Goldstein, who frequently argues cases before the court, expects the conservative court majority to eventually reverse Roe v. Wade outright, or to hollow it out.

"It's coming." he says. "But nobody knows whether it's in one year, five years, or maybe 10."

Guns: a major test

At a time when voters seem to approve of more gun regulation, the court seems headed in the opposite direction. Before the court is the first major test of gun regulations in the more than 10 years since the justices ruled that there is a constitutional right to own a gun for self-defense in one's home.

Court observers have long attributed the hiatus on gun cases to a closely divided court on which neither the four conservatives, nor the four liberals, were sure how Justice Kennedy would cast his deciding vote.

But now Kennedy is retired, replaced by Kavanaugh, who as a lower court judge was an outspoken critic of gun regulations and a strong supporter of expansive gun rights.

How separate should church and state be?

Also before the court this term are major questions involving the separation of church and state. For generations, the court sought to erect a relatively high wall of separation. But that has begun to change, and religious rights advocates are poised to pounce.

"I actually can't recall a time in the last 20 years where there were so many cases ready for decision" in this area of the law, says Mark Rienzi, president of The Becket Fund for Religious Liberty.

In particular, Rienzi and others have set their sights on invalidating or undermining provisions in most state constitutions that bar direct or indirect aid to religious schools.

"The mood music at the court" is that the justices "would probably say that's just discrimination on the basis of religion, and that's forbidden by the federal Constitution," says former Solicitor General Paul Clement.

Can an employer fire an employee because he is gay?

On another hot-button issue, the court will hear a case that tests whether employers are free to fire gay employees because of their sexual orientation, or trans employees because of their gender identity.

The 1964 Civil Rights Act bars discrimination in employment "because of sex." The fired employees contend that that language protects them from such discharges. The employers argue that the law was never meant to cover gay or transgender employees.

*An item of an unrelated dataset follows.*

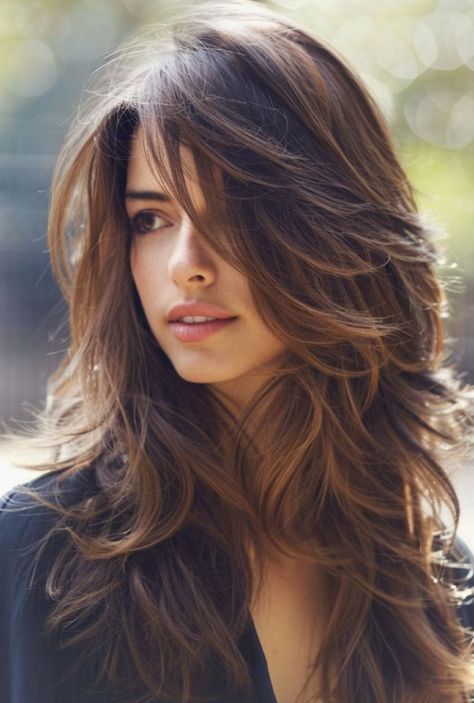 Long Swoopy Layers, Long Thick Layered Haircuts, Low Maintenance Long Layered Haircut, Haircut Style Long Hair, Long Bangs Medium Length Hair, Haircuts For Long Hair With Layers 2024, Curled Mid Length Hair, Many Layers Haircut, Multiple Layers Haircut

A victory for the LGBTQ community would be "huge," says Georgetown University Law professor Paul Smith, who notes that discrimination against gay and trans individuals remains "rampant," especially in the private sector.

The Dreamers

Then too, there are a variety of immigration cases, the biggest being the Trump administration's attempt to roll back the Obama administration program that continues to protect from deportation some 700,000-800,000 "Dreamers" brought to the U.S. by their parents, without legal authorization, when they were children.

Presidential power and impeachment

Multiple cases are on "rocket ships headed towards the Supreme Court," notes SCOTUSblog's Goldstein. That, he says, is "because the president has been so aggressive in asserting his immunity from investigations," whether they are criminal investigations, subpoenas for his financial records, or potentially records relating to the impeachment inquiry.

The court, as Goldstein observes, is going to "hate the idea" of tackling these cases in a presidential election year, but "they may not have a way out."

Faithless electors, the Electoral College and the 2020 election

Finally, pending before the court is a case that could involve the 2020 election. It is a test of " faithless elector" laws. These are laws passed in many states that impose penalties on Electoral College delegates or sometimes provide for the removal of electors who refuse to vote for the presidential candidate of their designated party.

The question is: Are these laws constitutional? The Supreme Court has never before weighed in on the issue.

There have been 167 faithless electors in the history of the United States, and in no case has the outcome of an election turned on the vote of these electors. But there is no guarantee that won't happen in 2020.